Como o Espírito forma o Povo de Deus

            No terceiro capítulo (pp. 38-53), o A. vai tratar fundamentalmente da pedagogia do Espírito Santo, refletindo sobre os instrumentos de que Ele se serve no processo de formação do Povo de Deus. Aqui desponta a Palavra como a arma por excelência, de que faz uso o Espírito, em contraste efetivo com a tendência dominante entre os povos: cada um, para se afirmar enquanto povo acima dos outros, recorre ao poder das armas como seu instrumento de referência. Sua vitória é garantida pela violência, pelo poder bélico. Na formação do Povo de Deus, todavia, é a força da Palavra o instrumento pedagógico utilizado pelo Espírito. E aqui assume lugar privilegiado a figura de Jesus. Especialmente de Jesus como profeta. Várias passagens dos evangelhos mostram como se deu sua investidura de profeta, como no episódio do Batismo.
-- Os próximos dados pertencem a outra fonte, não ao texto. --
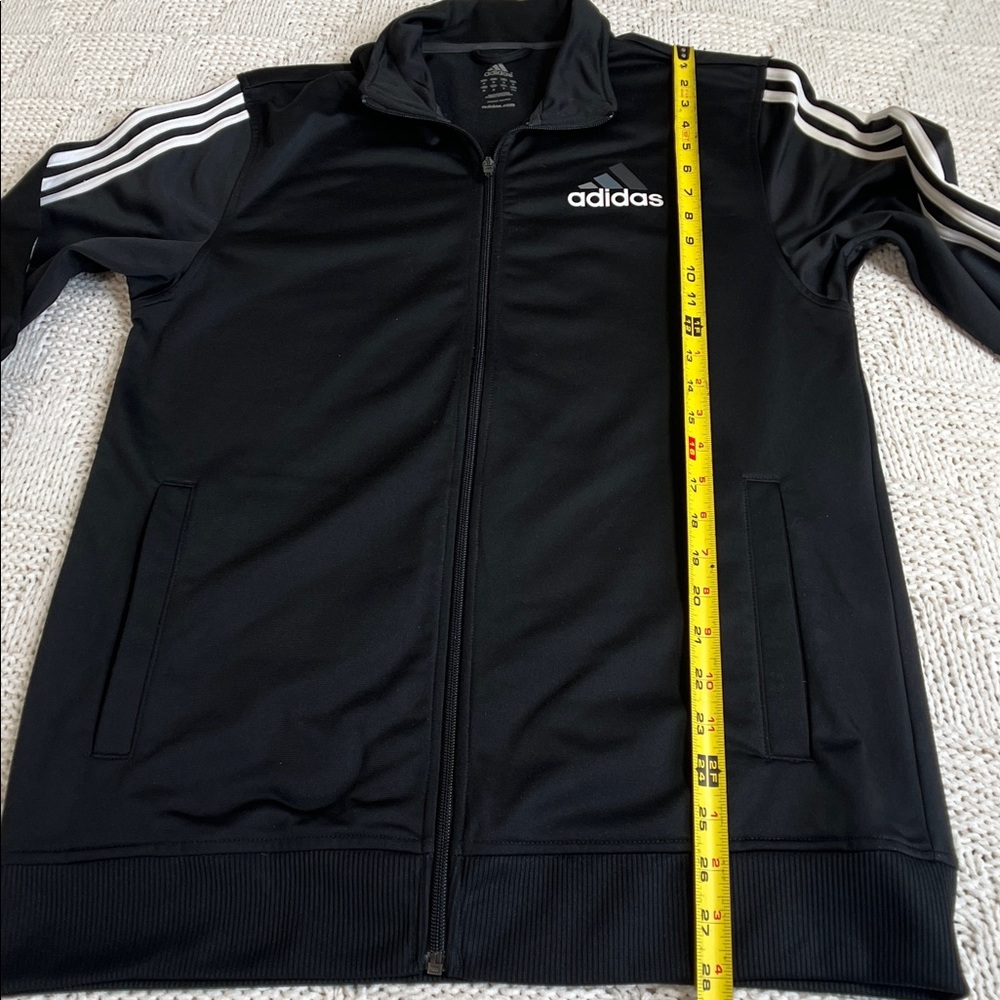 Adidas Men’s Full Zip Track Jacket - Picture 9 of 11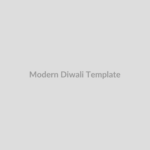 1200x1200.png Modern Diwali Social Media Post Template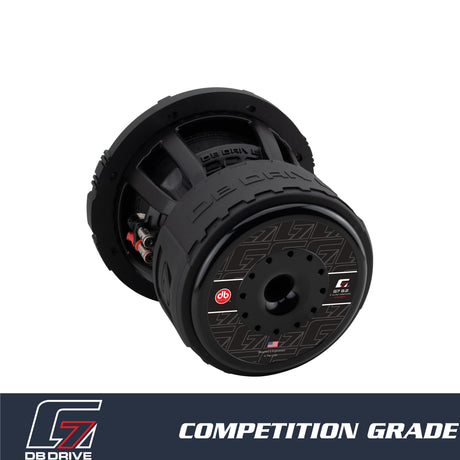 DB Drive G7 8.2 : 8" Dual 2-Ohm Subwoofer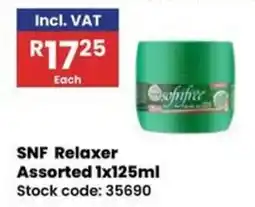 Africa Cash and Carry SNF Relaxer Assorted offer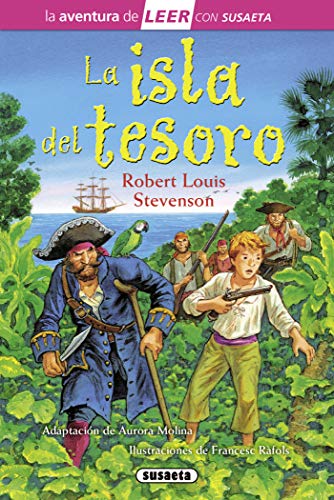 Beispielbild fr La isla del tesoro: Leer con Susaeta - Nivel 3 (Leer con Susaeta, Nivel 3/ Read with Susaeta, Level 3) (Spanish Edition) zum Verkauf von SecondSale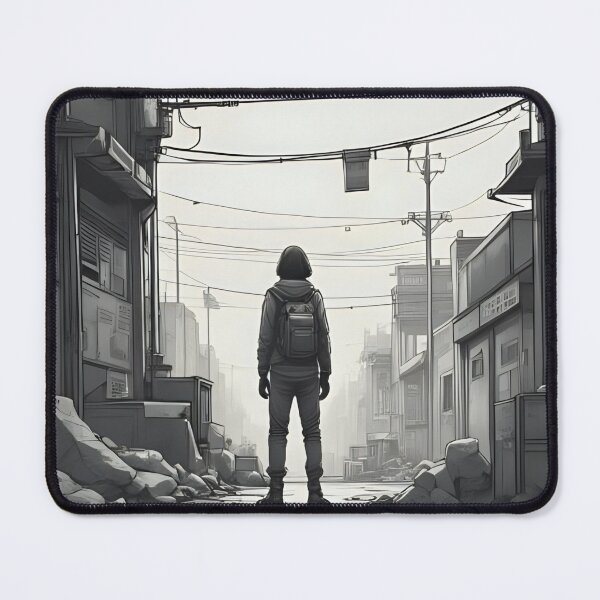 Item preview, The Shadow of the Fallen City designed and sold by 0penvimark.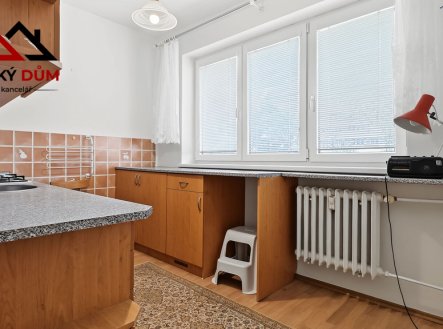 Pronájem bytu, 2+1, 58 m²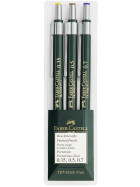 Druckbleistift Minen TK FINE 0,35, 0,5, 0,7mm - HB, 3er-Etui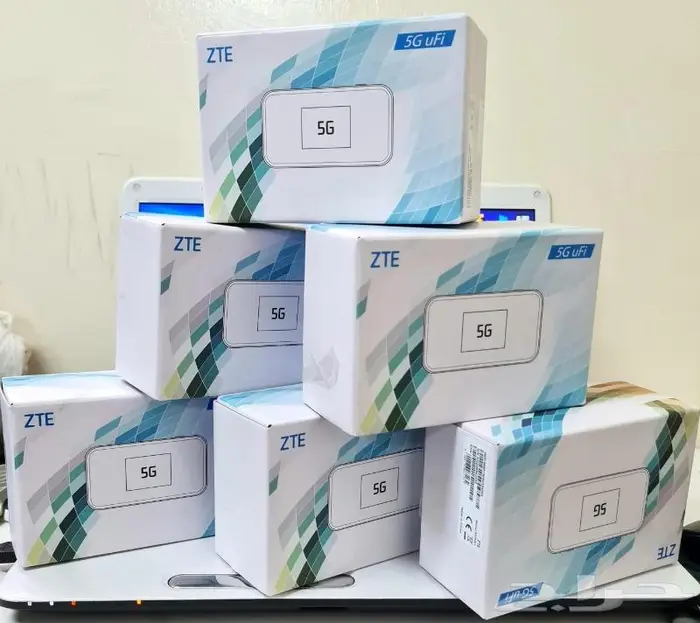 راوتر محمول 5g متنقلZTE MU5001 ب 639ريال 0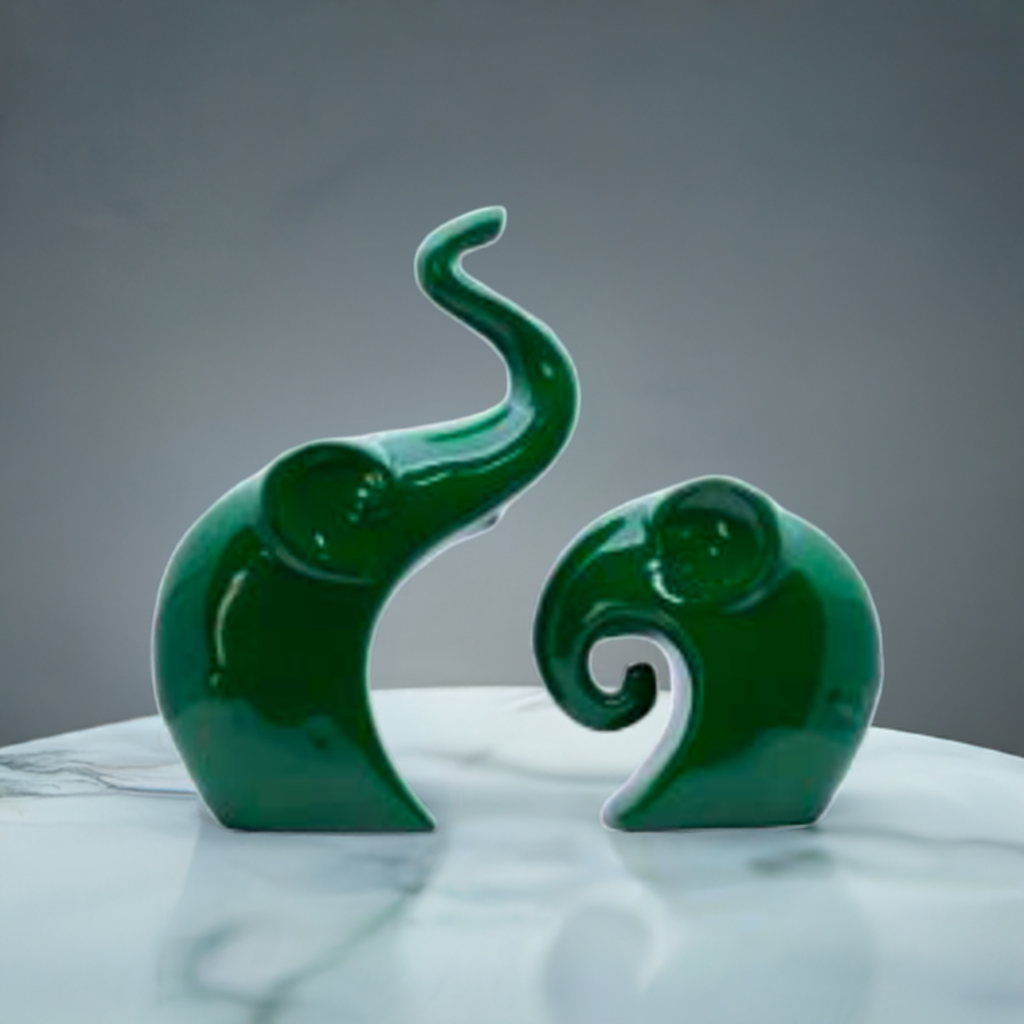 Elephant figurine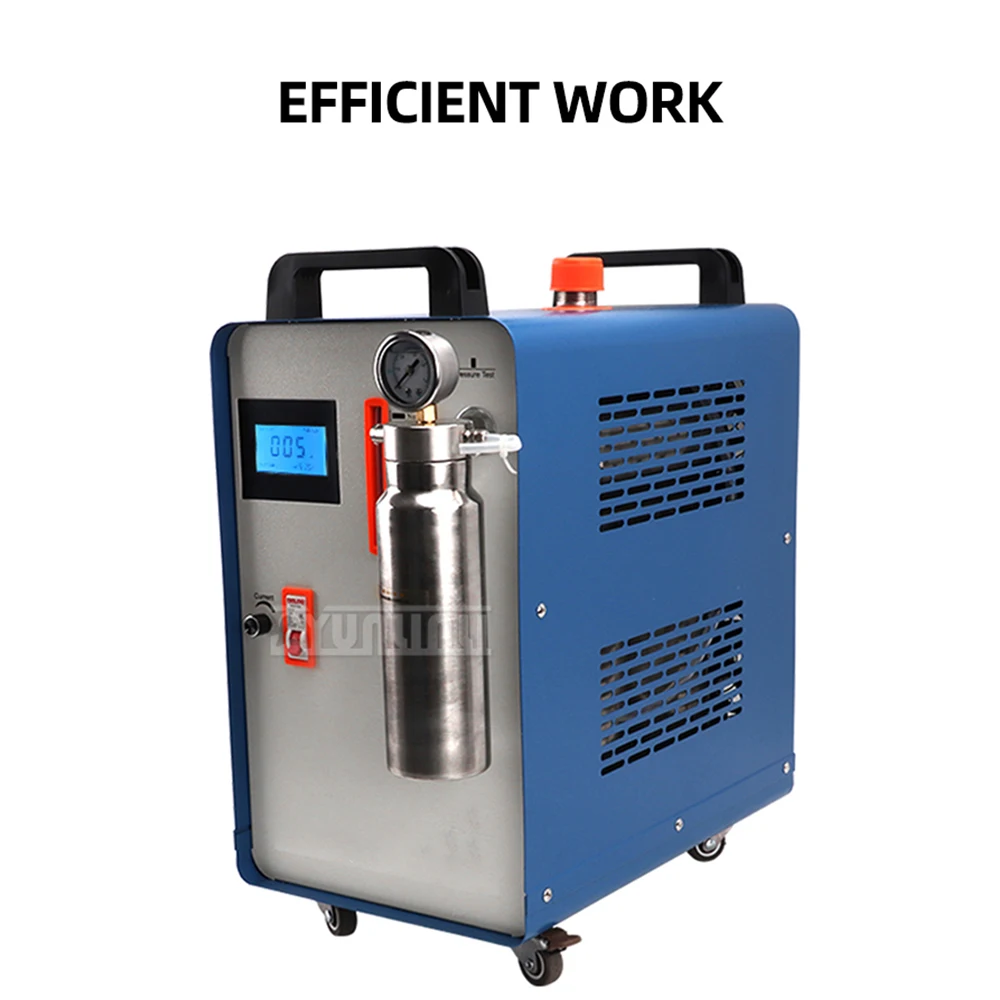 Hydrogen oxygen welding machine, gold silver copper silver platinum fusion welding machine, flame polishing machine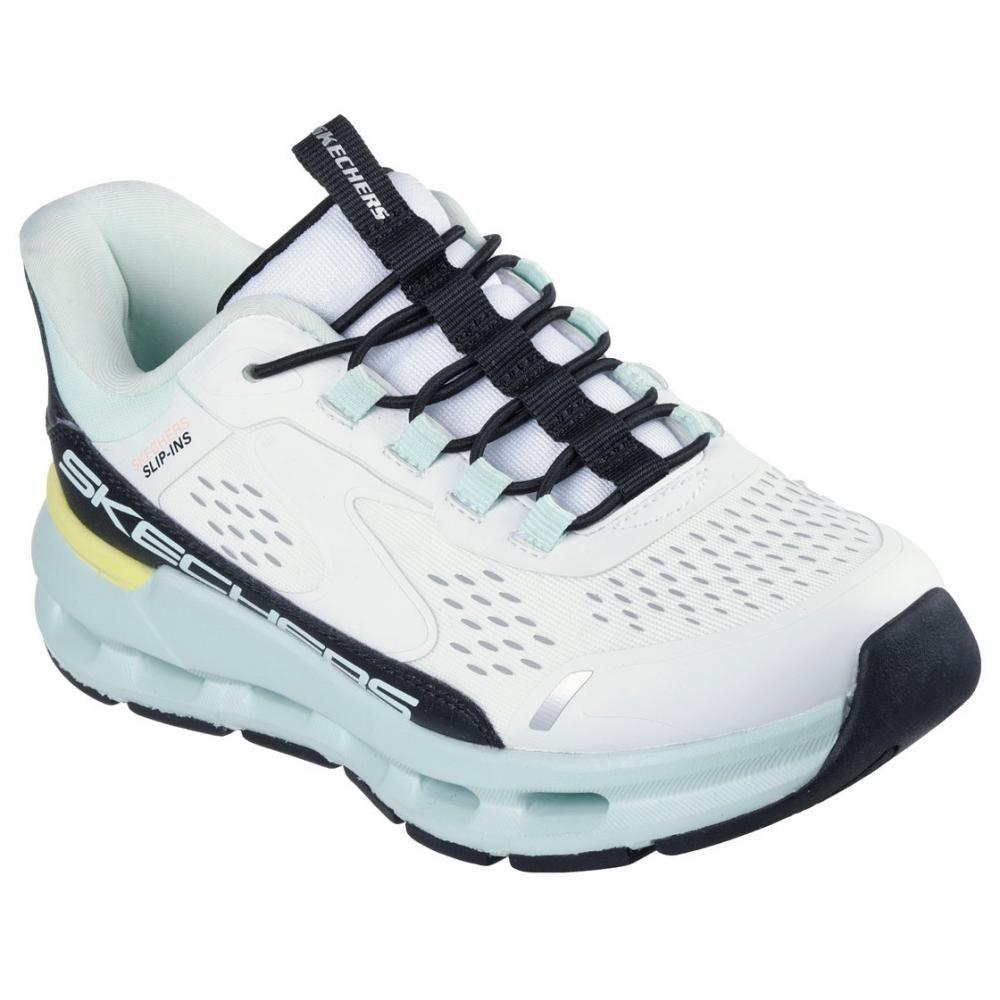 Zapatillas Niña Slip-ins GlideStep VistaLane Blanco Skechers-3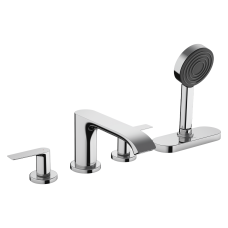 Hansgrohe VIVENIS змiшувач на край ванни, sBox, на 4 отвори, врiзний, (75444000)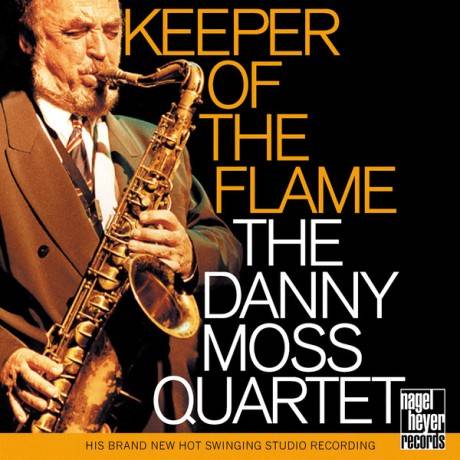 DANNY MOSS - Keeper of the Flame cover 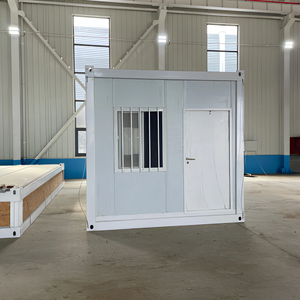 <span class=keywords><strong>Maison</strong></span> conteneur pliable préfabriquée à installation rapide, personnalisable, <span class=keywords><strong>en</strong></span> vente - Product Image 1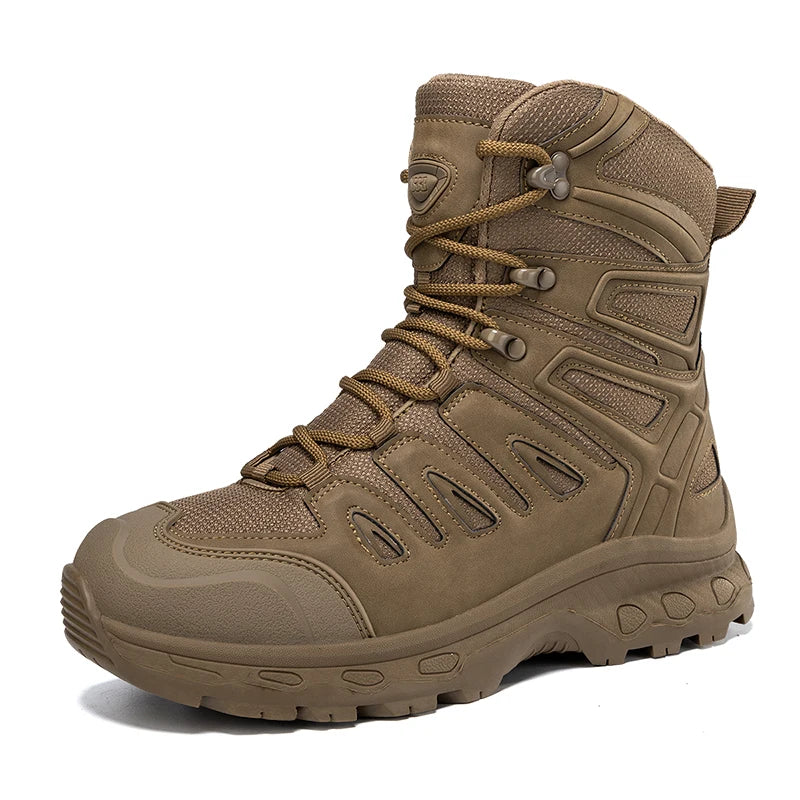 Botas de Montaña Antideslizantes y Resistentes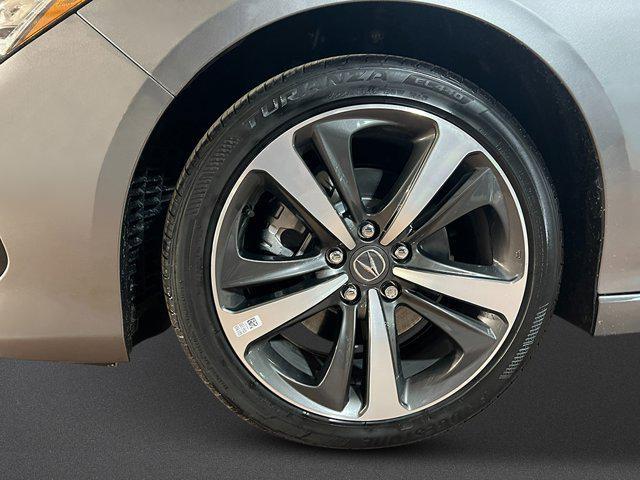 new 2025 Acura TLX car, priced at $45,695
            Jesus se apresenta como o Enviado do Pai, cuja missão é ser Palavra. Palavra afiada como uma espada, como ocorrera, antes, a Isaías, a Jeremias e a outros profetas. Ao mesmo tempo, na continuação da linha profética do Antigo Testamento e na adoção de elementos de ruptura com aquela linha profética, Jesus vai se apresentar como profeta. Na continuidade daqueles, Jesus profeta denuncia as injustiças, a opressão dos poderosos; anuncia um novo tempo, uma nova humanidade. Diferentemente daqueles, Jesus já anuncia a chegada do Reino de Deus. Jesus já se manifesta como a realização das promessas. Uma realização cuja plenitude vai acontecendo após Sua ressurreição, e com o protagonismo do Espírito Santo. Jesus é a Palavra anunciada, enquanto sua plena efetivação vai se dar com a atuação do Espírito no mundo, contando com a participação dos discípulos do Movimento de Jesus. Nesse sentido, Jesus é a Palavra, para além de sua missão estritamente terrestre. É Palavra ao longo de toda a História. (cf. p. 41). Pela força dessa Palavra, os discípulos e discípulas de Jesus, à medida em que vão tomando sua estrada, passam a ser agentes colaboradores na formação e animação do Povo de Deus. Fundamentado em Jô 4, 23s, o A. afirma que passa a ser a Palavra o verdadeiro culto. (cf. p. 41). Interessante registrar o que o A. observa: antes da Ressurreição, Jesus era conduzido pelo Espírito Santo; após a Ressurreição, é Jesus quem passa a tomar a iniciativa: é Ele quem faz o envio do Espírito: “Antes da ressurreição, Jesus era portador das palavras de Deus e era conduzido pelo Espírito” (...) “Contudo, após a ressurreição, houve uma transformação: Jesus toma a iniciativa.”. (pp. 43-44).
            Em sua vida terrestre, coube à Palavra chamar e reunir seus discípulos. Uma vez ressuscitado, é o Espírito quem vai agir pela força da Palavra, enviando os discípulos e discípulas do Seguimento de Jesus, ao longo da história, confiando-lhes a tarefa de formar o Povo de Deus, enviando-os a criar comunidades, sempre pelo caminho da Liberdade, sem forçar ninguém a acolher a Palavra, mas propondo uma vida nova, sobretudo aos desprezados, aos marginalizados, aos pobres.
            Só a experiência do Espírito nos permite compreender o verdadeiro sentido de sua ação: “A partir de tal experiência é que se pode compreender qual é força do Espírito: é aquela força que se revela no evangelho para suscitar comunidades”. (p. 49).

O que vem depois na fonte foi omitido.